What needs to be done:
Set down exactly the lines below, from the one containing "Sixsr Cut Out" through the final line, and include no others.

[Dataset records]
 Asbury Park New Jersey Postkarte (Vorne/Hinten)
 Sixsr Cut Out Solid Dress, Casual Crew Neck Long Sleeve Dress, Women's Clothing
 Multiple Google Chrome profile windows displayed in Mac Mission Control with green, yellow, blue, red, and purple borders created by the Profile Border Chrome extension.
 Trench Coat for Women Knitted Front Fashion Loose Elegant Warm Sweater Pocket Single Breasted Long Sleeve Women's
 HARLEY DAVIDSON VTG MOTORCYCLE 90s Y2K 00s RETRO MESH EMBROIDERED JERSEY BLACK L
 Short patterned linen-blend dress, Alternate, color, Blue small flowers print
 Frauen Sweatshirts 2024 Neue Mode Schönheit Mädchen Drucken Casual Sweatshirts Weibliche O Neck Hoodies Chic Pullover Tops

Written response:
 Sixsr Cut Out Solid Dress, Casual Crew Neck Long Sleeve Dress, Women's Clothing
 Multiple Google Chrome profile windows displayed in Mac Mission Control with green, yellow, blue, red, and purple borders created by the Profile Border Chrome extension.
 Trench Coat for Women Knitted Front Fashion Loose Elegant Warm Sweater Pocket Single Breasted Long Sleeve Women's
 HARLEY DAVIDSON VTG MOTORCYCLE 90s Y2K 00s RETRO MESH EMBROIDERED JERSEY BLACK L
 Short patterned linen-blend dress, Alternate, color, Blue small flowers print
 Frauen Sweatshirts 2024 Neue Mode Schönheit Mädchen Drucken Casual Sweatshirts Weibliche O Neck Hoodies Chic Pullover Tops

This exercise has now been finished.